I went with my colleague’s recommendations, ordering the butt half ham from Meadow Farms and a 2- to 2 1/2-pound boneless ham from Harrington’s (on sale for $21.95). Shipping was high for both--about $16. Harrington’s let me specify a desired delivery date.

Despite “The Joy of Cooking,” I didn’t figure the ham sizes right. The Harrington’s ham was tiny in comparison with the Meadow Farms ham--good for three or four sandwiches at best. And it arrived with a cold pack--but the cold pack was room temperature, as was the ham. Though the Harrington’s ham came with a brochure on care and reheating, it said nothing about my ham’s arrival.

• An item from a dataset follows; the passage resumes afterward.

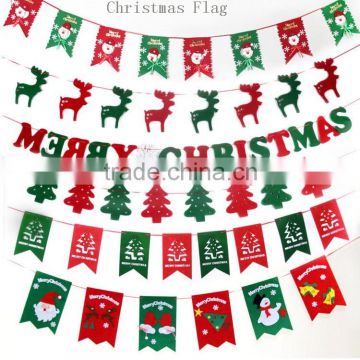 Colorful Christmas elk/Tree/Merry Christmas styles flag , indoors decoration Christmas flag /gift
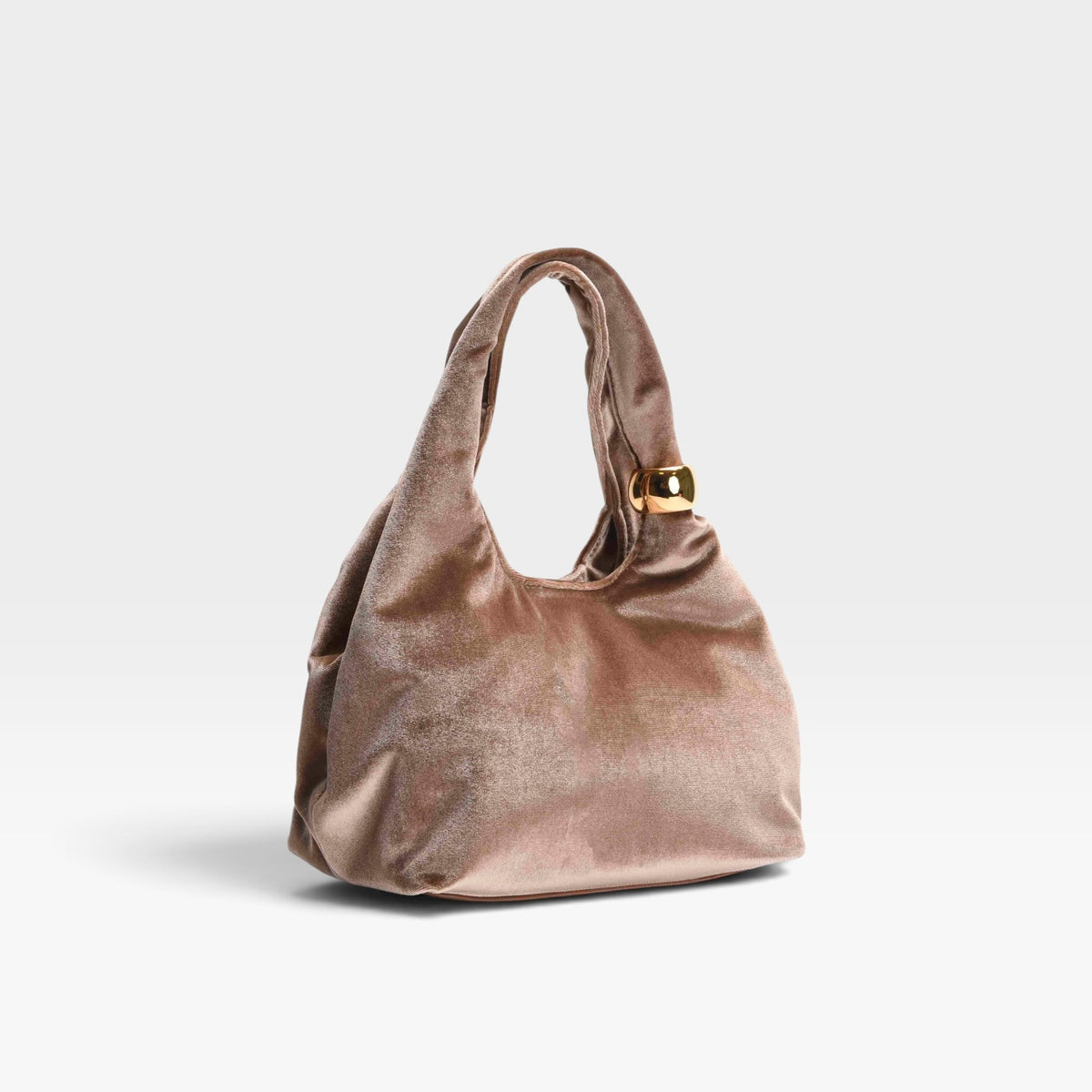 Bolso fiesta taupe terciopelo hombro cadena - Azarey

I e-mailed Harrington’s, which replied the next morning that its hams can “be in transit” up to four days and didn’t need to be kept cold.

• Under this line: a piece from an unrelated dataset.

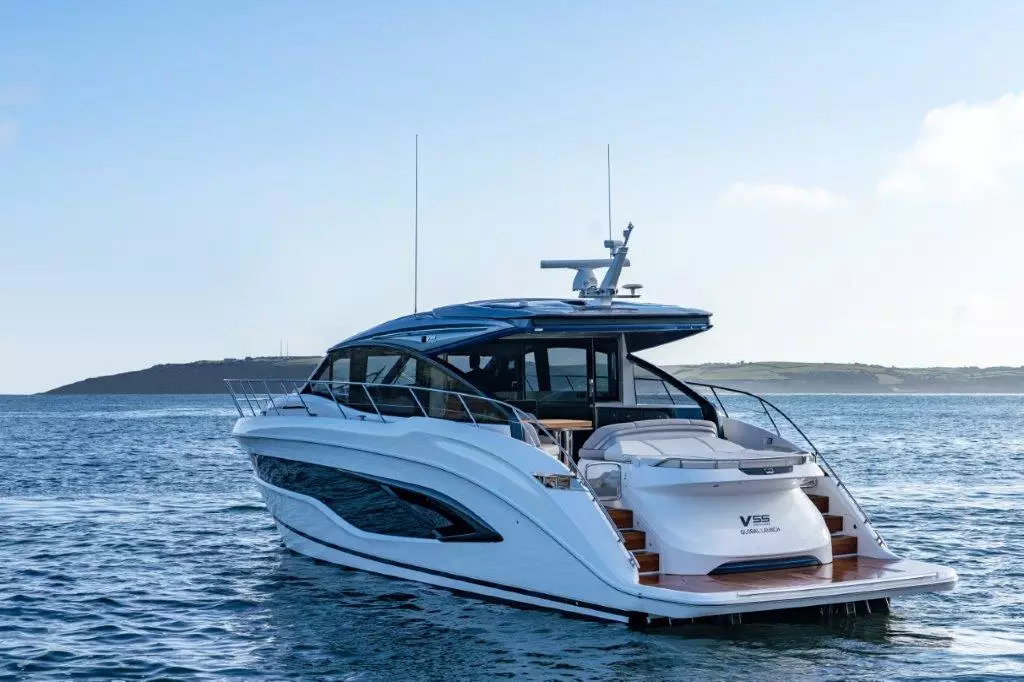 Princess V55 for sale in Menorca - Clearwater Marine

I also called Meadow Farms to find out whether I should freeze the ham, which came with only brief heating directions, since I wouldn’t be having it for about a week; “Yes,” I was told.

How do I thaw it? “In the refrigerator.” OK. So much for ham information.

One last try--I decided to head over to Ask Jeeves, a question-and-answer search portal at https://www.askjeeves.com.

“How long can I refrigerate a ham?” I typed in the search box.

I didn’t get a direct answer, just a list of sites that were popular among people who’d asked similar questions.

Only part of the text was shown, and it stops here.